### TASK PROMPT
Would you transcribe the entries below, beginning at the line with "Topographic Map of El Dorado Post Office, AR" and ending after the line with "Titan Classic White", exactly, with no picture and nothing more?

### DATA IN THIS EXERCISE
=== Begin Enclosure ===

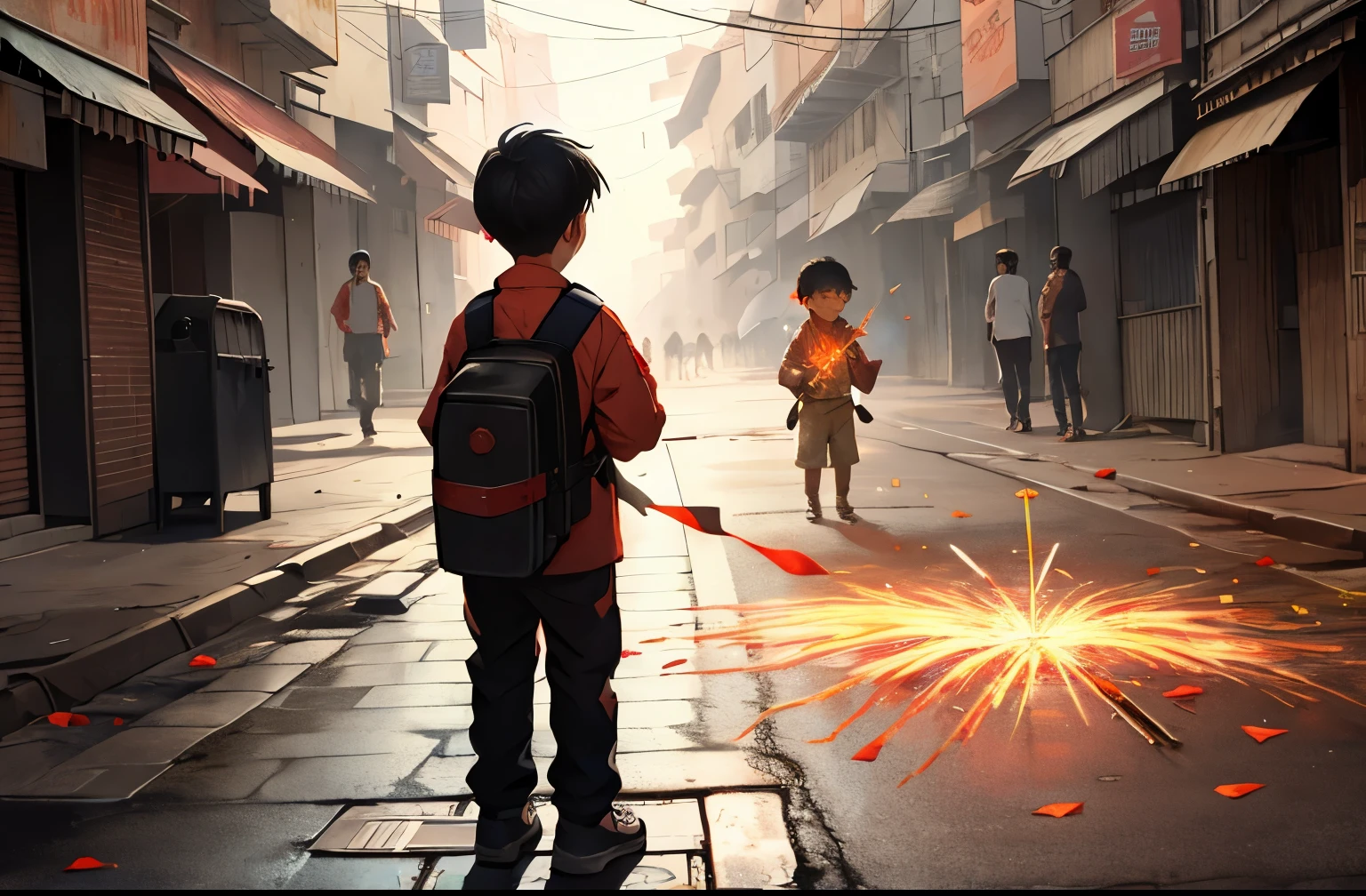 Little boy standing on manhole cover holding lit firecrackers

=== End Enclosure ===
=== Begin Enclosure ===

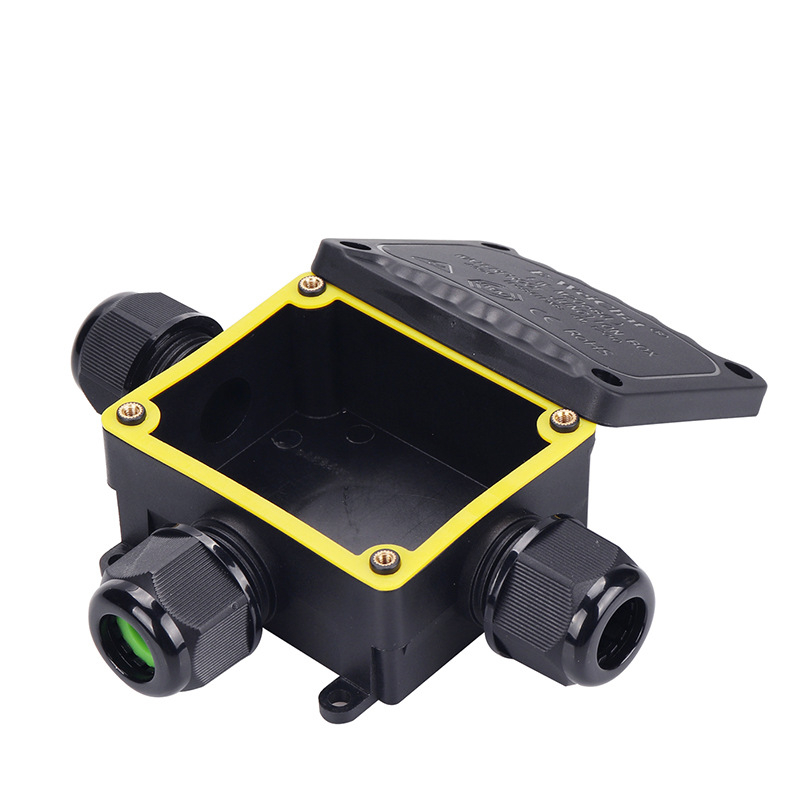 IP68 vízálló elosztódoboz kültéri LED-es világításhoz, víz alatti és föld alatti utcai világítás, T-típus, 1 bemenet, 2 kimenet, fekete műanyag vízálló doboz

=== End Enclosure ===
=== Begin Enclosure ===

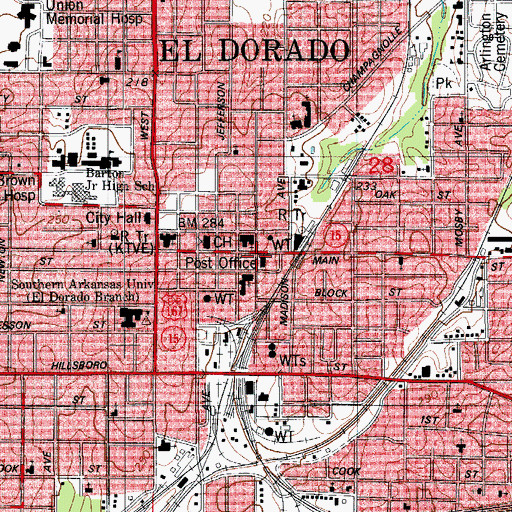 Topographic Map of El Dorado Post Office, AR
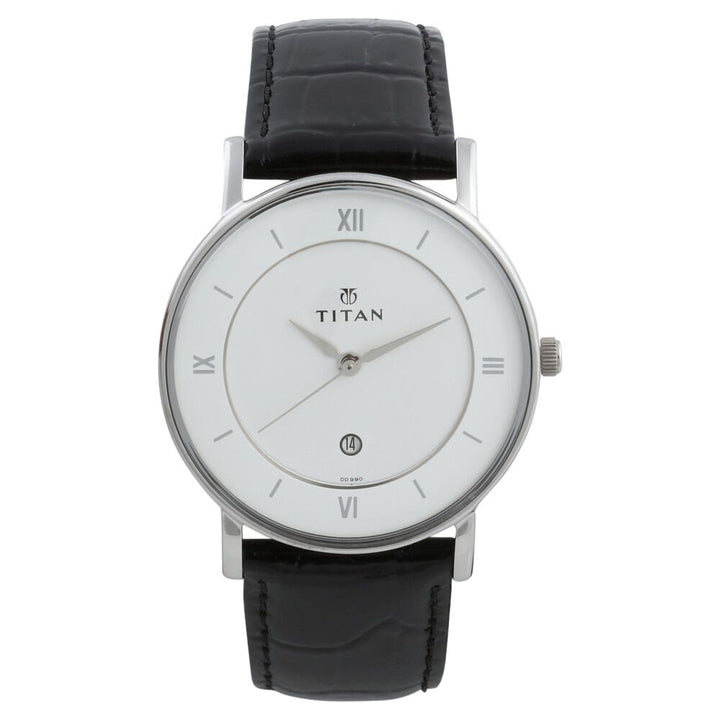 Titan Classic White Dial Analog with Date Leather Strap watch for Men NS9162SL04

=== End Enclosure ===

### RESPONSE TO THIS EXERCISE
 Topographic Map of El Dorado Post Office, AR
 Titan Classic White Dial Analog with Date Leather Strap watch for Men NS9162SL04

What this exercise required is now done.